Los días siguientes transcurrieron entre compromisos, sonrisas obligadas y rumores que se deslizaban por los pasillos del palacio como serpientes sedosas. Élise asistía a almuerzos, juegos de cartas y presentaciones interminables de condesas ansiosas por conocer a la “nueva perla” de la corte. Pero su mente estaba en otro lugar.

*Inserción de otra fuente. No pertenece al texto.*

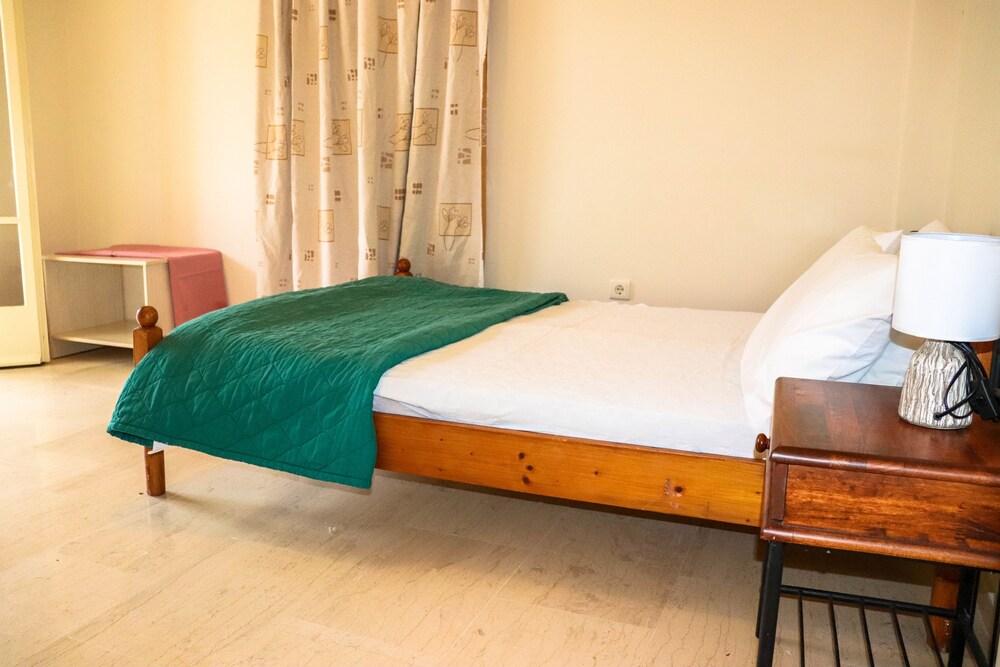 Orizontas Studios and Apartments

O mejor dicho, en otro rostro.
No volvió a ver a Gabriel en los pasillos, ni en los jardines principales. Preguntar por él habría sido demasiado arriesgado. Sin embargo, cada vez que salía a caminar al amanecer, esperaba encontrar esa figura sencilla de camisa blanca y mirada honesta. No sabía si quería hablar con él o simplemente saber que existía más allá de esa noche robada.
Fue Margot quien, sin saberlo, le dio una pista.
—Dicen que hay un rincón del invernadero al que solo entran los jardineros más antiguos —le contó mientras peinaba su cabello—. Un lugar donde cultivan especies traídas de ultramar para el rey… y donde nadie más pone un pie.
Élise se quedó pensativa.
A la mañana siguiente, aprovechando que la corte dormía aún entre perfumes y resacas de vino, tomó un capote sencillo, se cubrió con una capucha y salió sin avisar. El aire estaba fresco y el cielo aún gris, cubierto por una neblina suave. Caminó con paso seguro hacia los invernaderos reales, siguiendo los senderos de grava hasta que encontró una pequeña puerta lateral entre parras y buganvillas.
Estaba entreabierta.
Empujó con suavidad… y entró.
El lugar era cálido y silencioso, como si el mundo exterior se hubiese disuelto. Grandes vitrales filtraban la luz de la mañana, iluminando hileras de plantas exóticas: orquídeas, hibiscos, helechos de hojas inmensas. El aire olía a tierra húmeda, a flores desconocidas, a algo salvaje y puro. Caminó entre las mesas de madera con cuidado, tocando apenas los tallos, los pétalos, los frascos de vidrio con etiquetas en latín.
Y entonces lo vio.
Gabriel estaba de espaldas, inclinado sobre una mesa, trasplantando una raíz. Tenía las mangas remangadas, el cabello suelto, y canturreaba en voz baja una melodía que Élise no reconoció. No parecía sorprendido cuando ella habló.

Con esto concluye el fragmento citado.